Step 1: Discover Dagster Definitions

find /path/to/project -name "definitions.py" -o -name "repository.py"
find /path/to/project -name "*.py" -path "*/assets/*"
find /path/to/project -name "*.py" -path "*/sensors/*" -o -path "*/schedules/*"
cat /path/to/project/dagster.yaml /path/to/project/workspace.yaml 2>/dev/null

Parses @asset, @multi_asset, @op, @graph, @job, ConfigurableResource, ConfigurableIOManager, @schedule, @sensor, and partition definitions.

Step 2: Audit Asset Graph Structure

Asset Graph: 34 assets, 5 groups (raw, staging, warehouse, analytics, ml)
Max depth: 7 | External assets: 3 | Source assets: 4

  [source] s3_raw_events -> raw_events -> cleaned_events
    -> event_aggregates -> daily_metrics -> churn_features -> churn_model

  FAIL: "orphan_transform" has no downstream consumers
    Last materialized 49 days ago.
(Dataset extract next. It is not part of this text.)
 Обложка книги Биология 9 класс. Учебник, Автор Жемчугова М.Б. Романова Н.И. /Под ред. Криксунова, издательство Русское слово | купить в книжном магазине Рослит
Remove or document purpose.

  FAIL: "daily_metrics" depends on 6 upstream assets — fragile bottleneck
    If any upstream fails, materialization blocked.
    RECOMMEND: Add retry logic or partial materialization support

  FAIL: No @asset_check defined for any asset
    RECOMMEND: Add row count, null checks, freshness, schema validation

Step 3: Review Freshness Policies

  Assets WITH freshness policy: 8/34 (24%)
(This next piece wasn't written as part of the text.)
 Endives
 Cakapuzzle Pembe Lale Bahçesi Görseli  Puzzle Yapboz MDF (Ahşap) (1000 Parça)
  FAIL: "daily_revenue" — no freshness policy on business-critical metric
    FIX: FreshnessPolicy(maximum_lag_minutes=120)

  FAIL: Freshness SLA cascade violation:
    "event_aggregates" has 60-min freshness
    but upstream "cleaned_events" takes ~20 min to materialize
    Effective budget: 10 min. Actual avg: 25 min. SLA violated regularly.
    FIX: Relax to 90 min or speed up materialization

  WARN: "user_segments" has 1440-min (24h) freshness
    but downstream "real_time_recommendations" expects fresh data
    FIX: Tighten to maximum_lag_minutes=60

Step 4: Analyze Partitioning

  "raw_events": DailyPartitionsDefinition — PASS, matches data pattern
  "event_aggregates": MonthlyPartitionsDefinition
    WARN: Upstream is daily — verify TimeWindowPartitionMapping
  "ml_features": Unpartitioned, processes 2M+ rows every run (45 min)
    FAIL: Add DailyPartitionsDefinition for incremental processing (~3 min/partition)
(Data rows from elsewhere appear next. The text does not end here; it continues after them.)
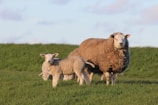 A mother sheep nuzzling her playful lamb under a bright blue sky.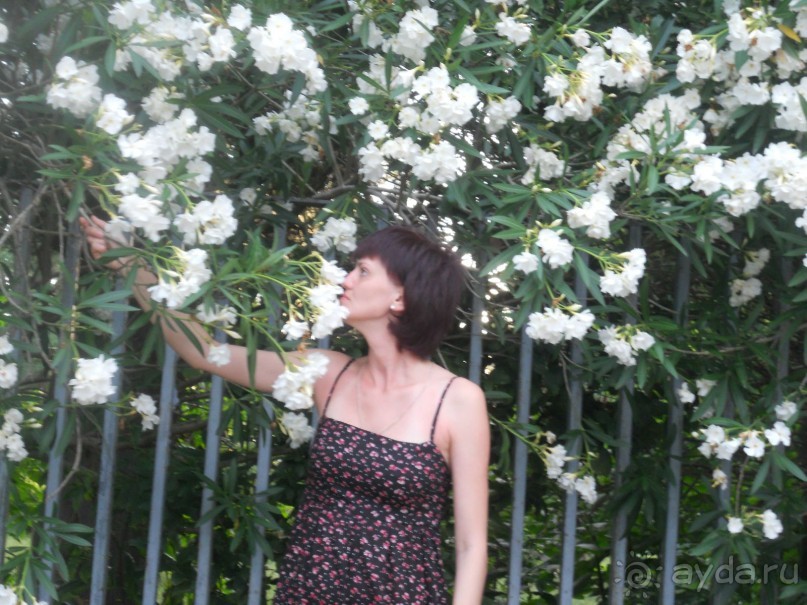 пансионат из прошлого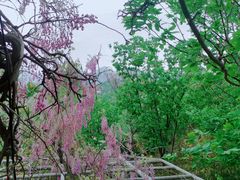 -沂蒙云瀑洞天景区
  FAIL: No BackfillPolicy on any partitioned asset
    Risk: Accidental backfill of 486 partitions = 486 concurrent runs
    FIX: BackfillPolicy(max_partitions_per_run=10)

Step 5: Review IO Managers

  Configured: "io_manager" (Filesystem), "warehouse_io" (Snowflake), "s3_io" (S3Pickle)

  FAIL: Default is FilesystemIOManager — data lost on pod restart
    FIX: Set default to S3/GCS/database-backed store

  FAIL: S3PickleIOManager — not portable, security risk (arbitrary code exec)
    FIX: Switch to S3ParquetIOManager for schema enforcement + compression

  WARN: No return type annotations — IO manager cannot validate schema
    FIX: @asset def daily_metrics(...) -> pd.DataFrame:

  Coverage: warehouse_io 35%, s3_io 24%, filesystem 41% (concern)

Step 6: Audit Resources

  FAIL: snowflake_password="..." in definitions.py line 42
    FIX: Use EnvVar("SNOWFLAKE_PASSWORD")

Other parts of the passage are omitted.